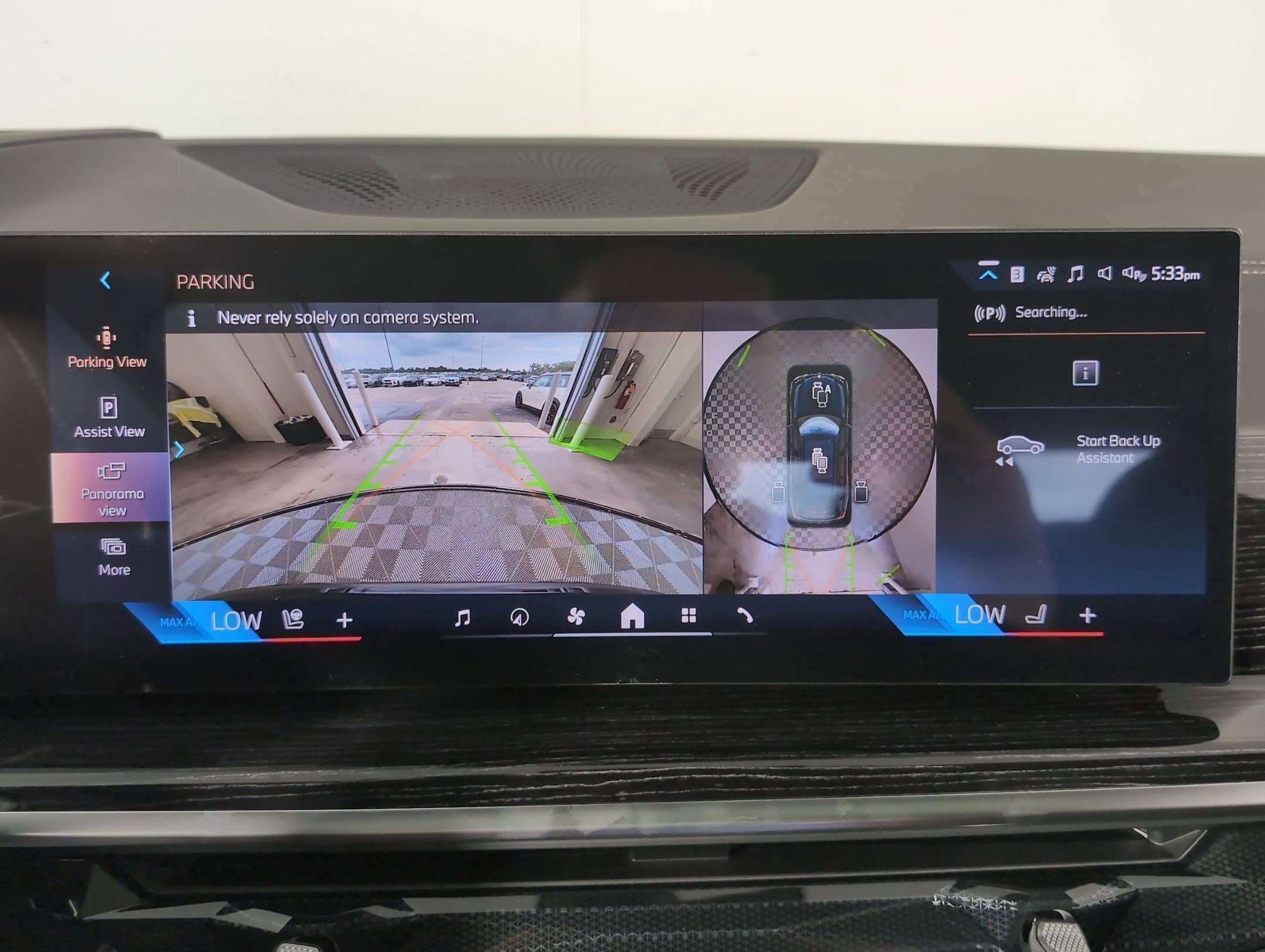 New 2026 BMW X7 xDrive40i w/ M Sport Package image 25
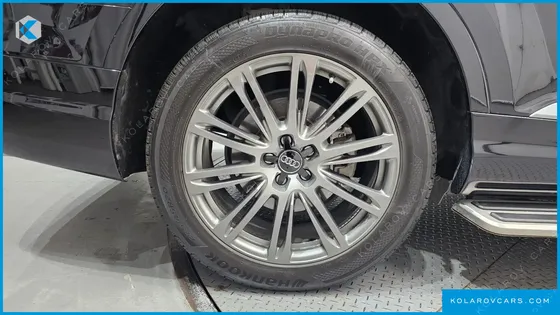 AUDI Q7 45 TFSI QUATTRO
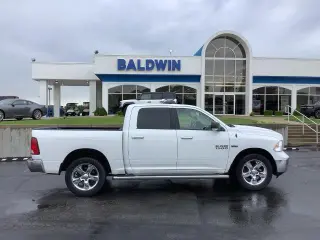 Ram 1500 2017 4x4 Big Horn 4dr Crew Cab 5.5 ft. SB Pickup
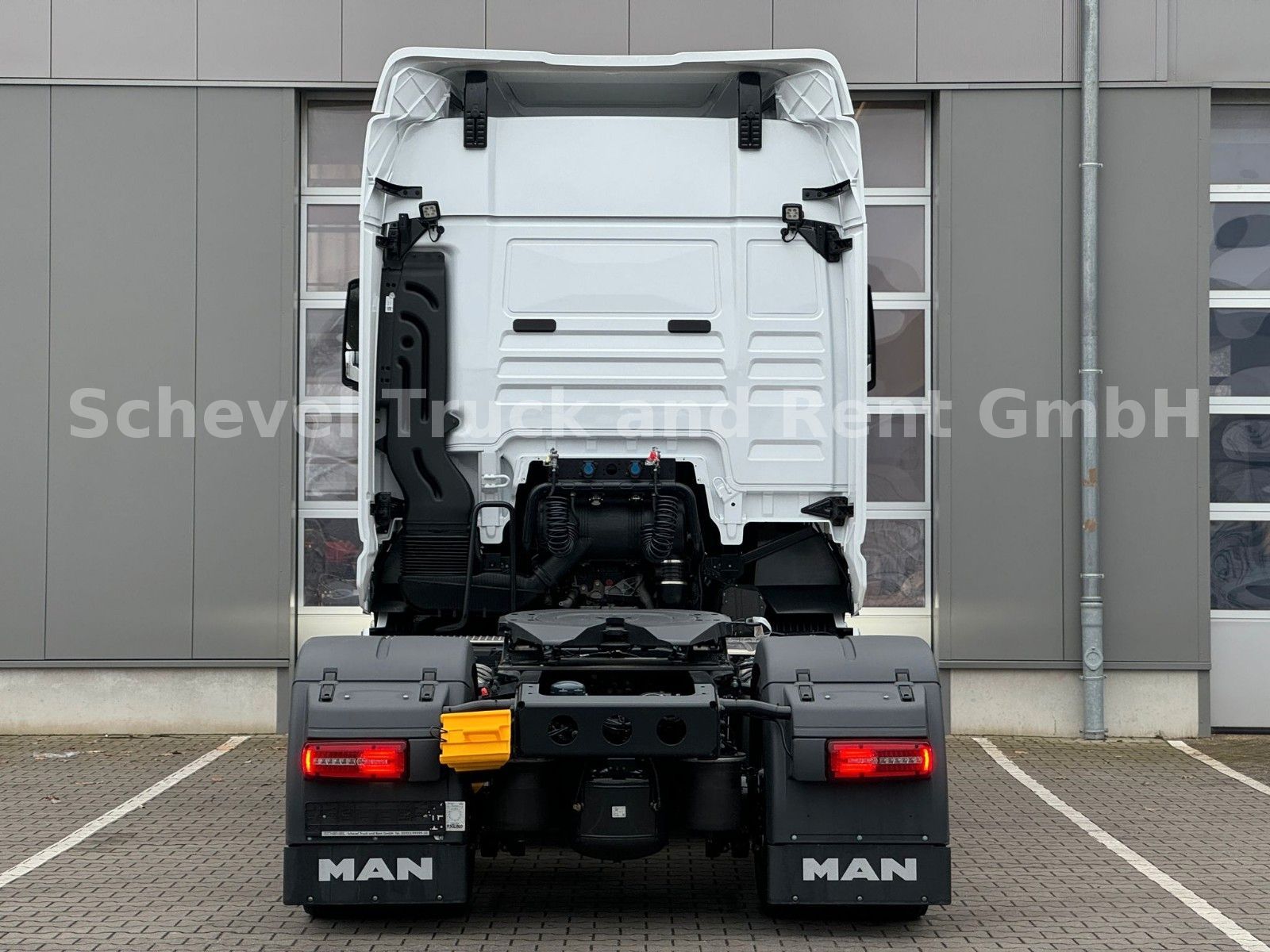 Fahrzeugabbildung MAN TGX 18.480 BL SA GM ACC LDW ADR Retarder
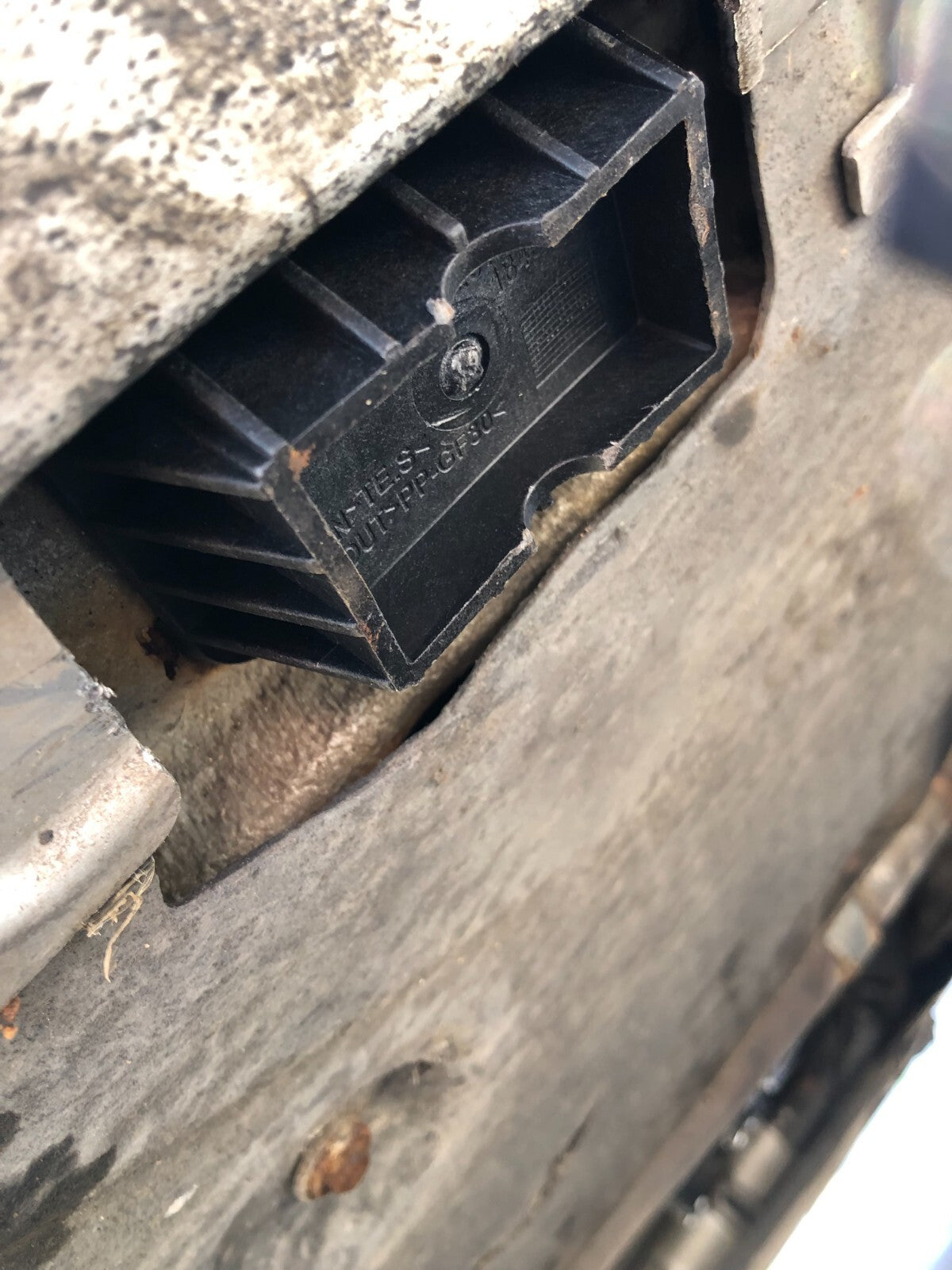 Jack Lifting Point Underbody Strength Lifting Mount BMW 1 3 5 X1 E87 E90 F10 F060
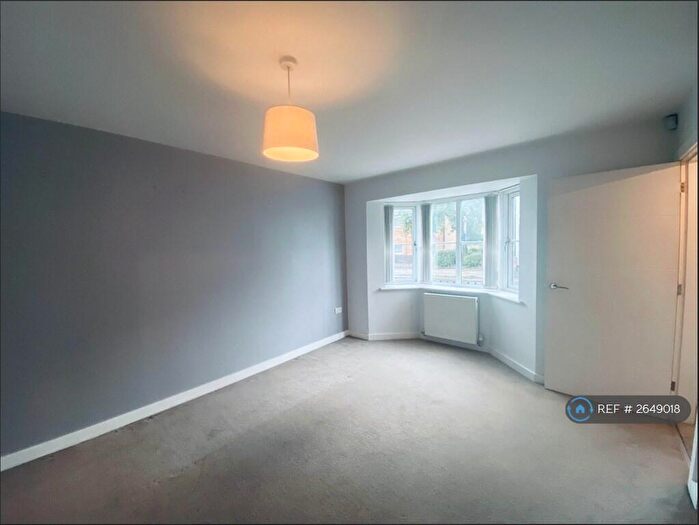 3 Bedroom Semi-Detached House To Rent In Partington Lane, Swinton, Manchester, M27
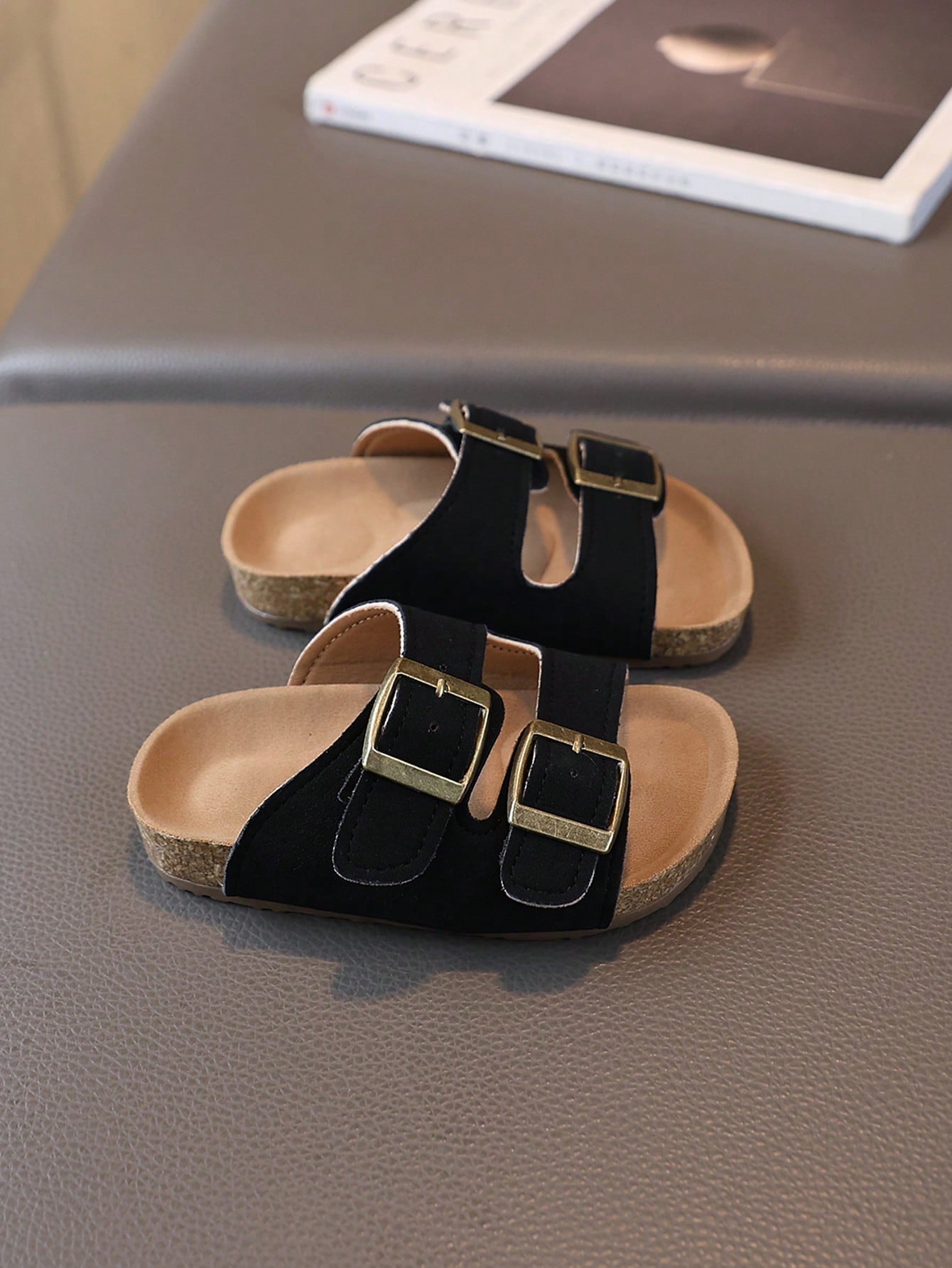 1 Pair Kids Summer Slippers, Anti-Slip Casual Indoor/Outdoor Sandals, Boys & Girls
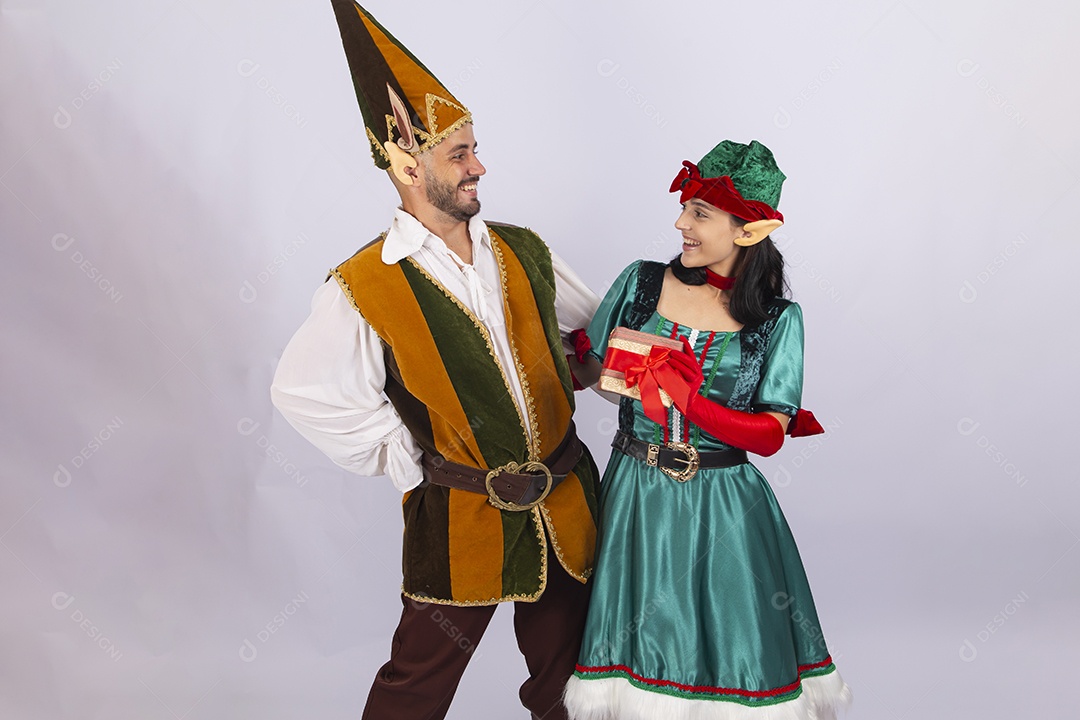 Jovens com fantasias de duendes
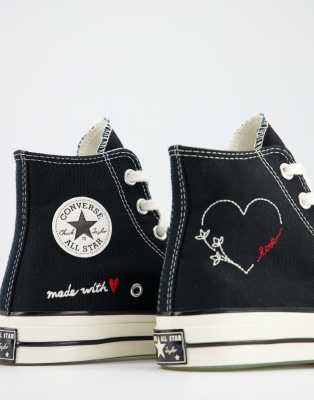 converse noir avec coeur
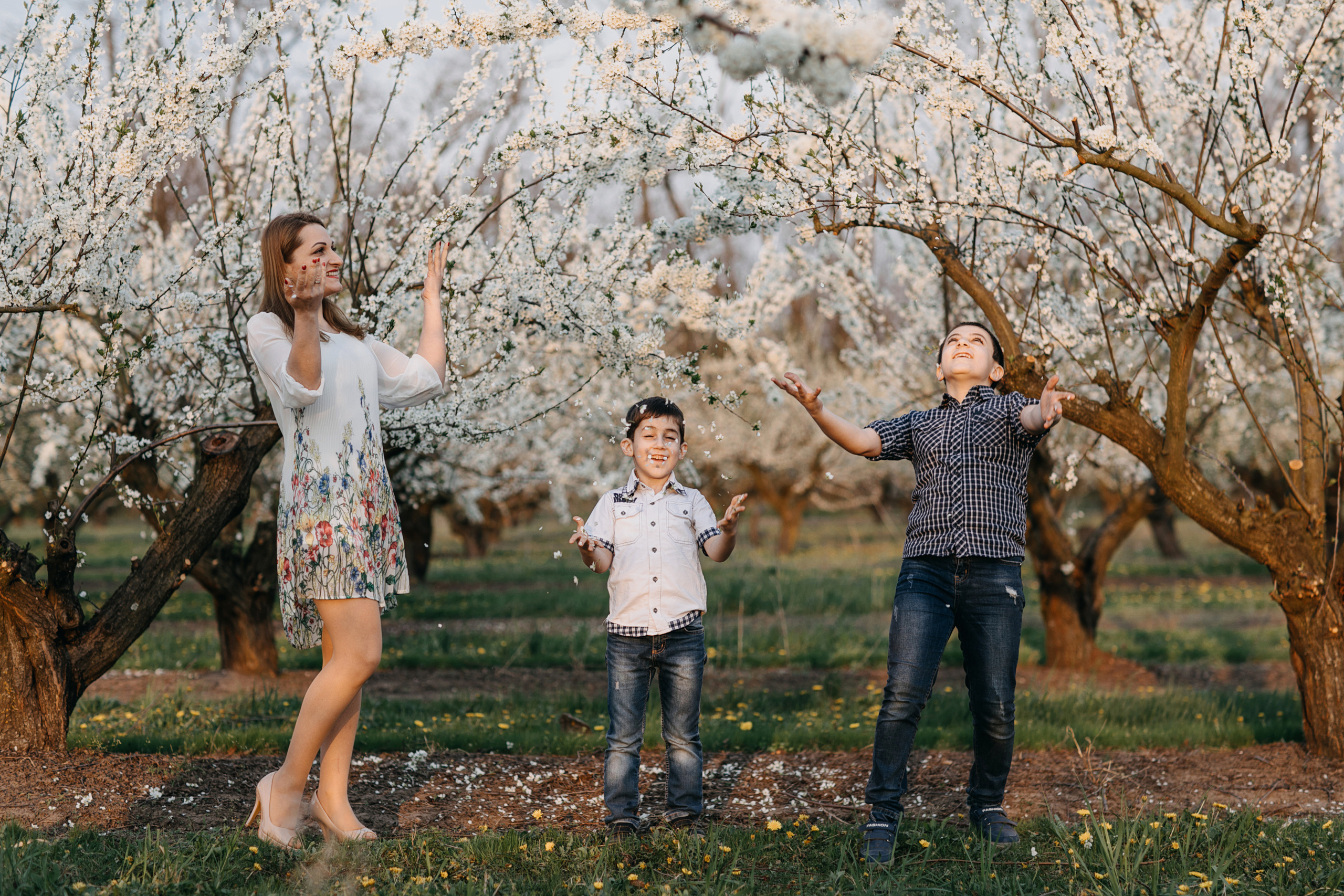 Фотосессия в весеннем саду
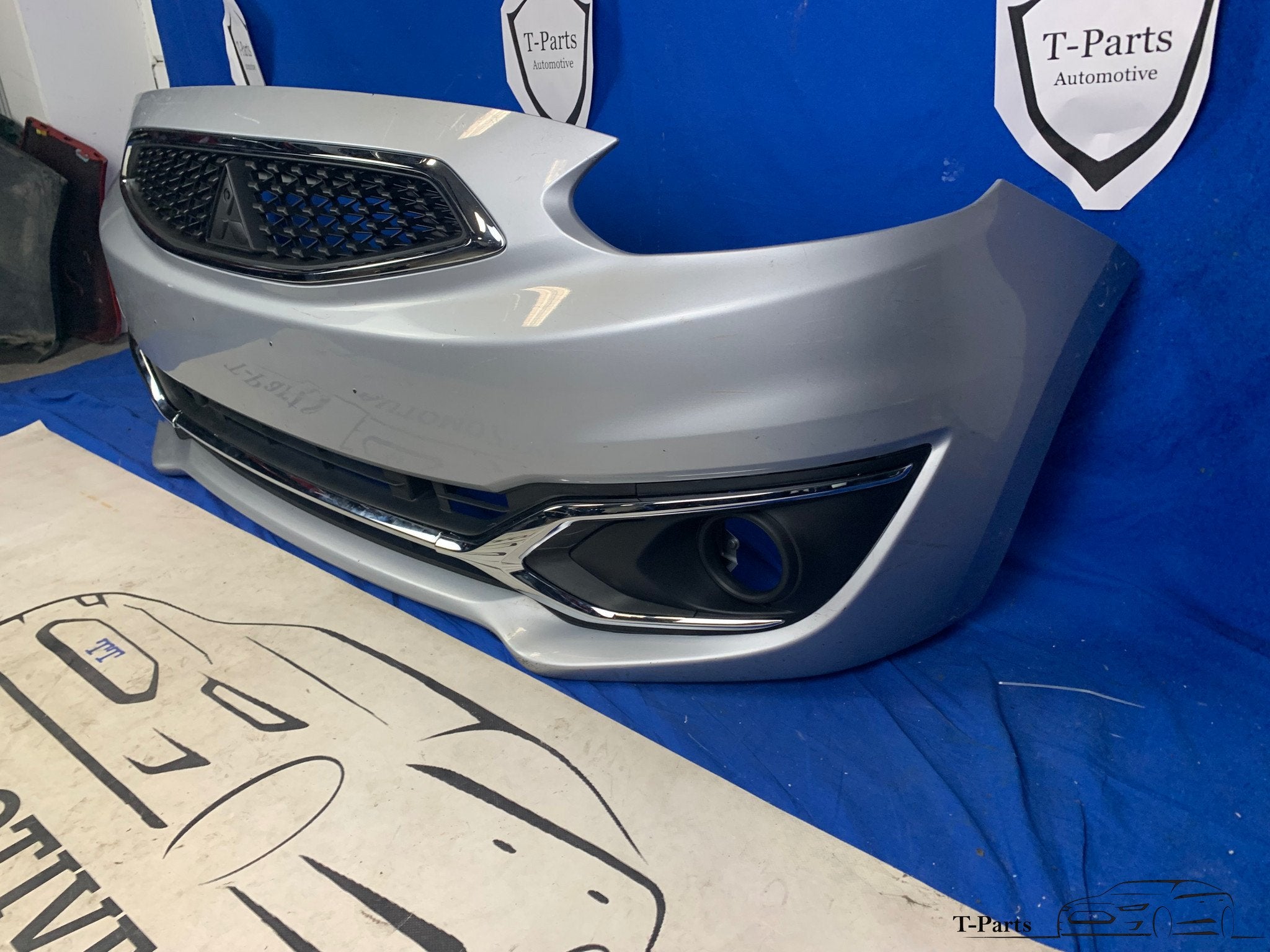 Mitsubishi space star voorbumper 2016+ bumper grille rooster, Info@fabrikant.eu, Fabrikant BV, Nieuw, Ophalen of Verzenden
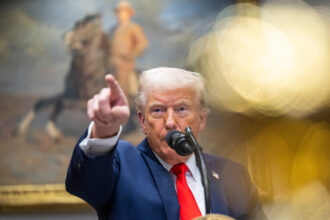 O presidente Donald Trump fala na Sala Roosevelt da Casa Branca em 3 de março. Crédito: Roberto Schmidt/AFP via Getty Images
########################################
• [TASK REQUIREMENTS]: Output the full material exactly as given, without its pictures.

• [YOUR SOLUTION]:
 New 2026 BMW X7 xDrive40i w/ M Sport Package image 25
 AUDI Q7 45 TFSI QUATTRO
 Ram 1500 2017 4x4 Big Horn 4dr Crew Cab 5.5 ft. SB Pickup
 Fahrzeugabbildung MAN TGX 18.480 BL SA GM ACC LDW ADR Retarder
 Jack Lifting Point Underbody Strength Lifting Mount BMW 1 3 5 X1 E87 E90 F10 F060
 3 Bedroom Semi-Detached House To Rent In Partington Lane, Swinton, Manchester, M27
 1 Pair Kids Summer Slippers, Anti-Slip Casual Indoor/Outdoor Sandals, Boys & Girls
 Jovens com fantasias de duendes
 converse noir avec coeur
 Фотосессия в весеннем саду
 Mitsubishi space star voorbumper 2016+ bumper grille rooster, Info@fabrikant.eu, Fabrikant BV, Nieuw, Ophalen of Verzenden
 O presidente Donald Trump fala na Sala Roosevelt da Casa Branca em 3 de março. Crédito: Roberto Schmidt/AFP via Getty Images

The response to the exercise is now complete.